EXERCISE AIM
Within the lines below, the span from the line with "Tiny photo for" to the line with "BMW 4 Series 420I M Sport Gran Coupe", both ends included, is to be reproduced exactly, with pictures omitted.

DATASET CONTENT
►
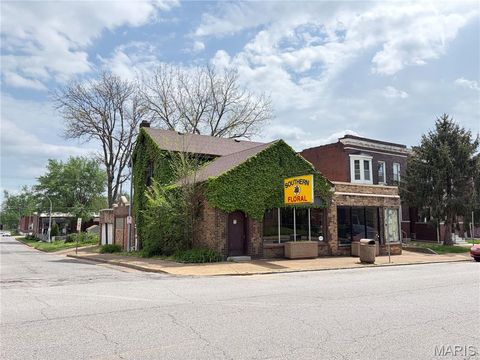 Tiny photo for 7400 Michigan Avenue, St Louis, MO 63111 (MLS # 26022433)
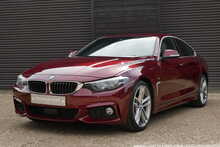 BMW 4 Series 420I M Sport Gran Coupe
◄
►
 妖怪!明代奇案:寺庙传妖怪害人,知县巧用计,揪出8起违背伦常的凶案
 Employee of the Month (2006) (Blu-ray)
◄
►
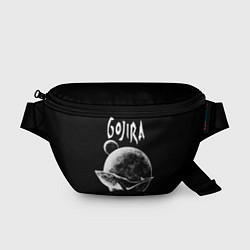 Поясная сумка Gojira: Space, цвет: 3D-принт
◄
ANSWER SECTION
 Tiny photo for 7400 Michigan Avenue, St Louis, MO 63111 (MLS # 26022433)
 BMW 4 Series 420I M Sport Gran Coupe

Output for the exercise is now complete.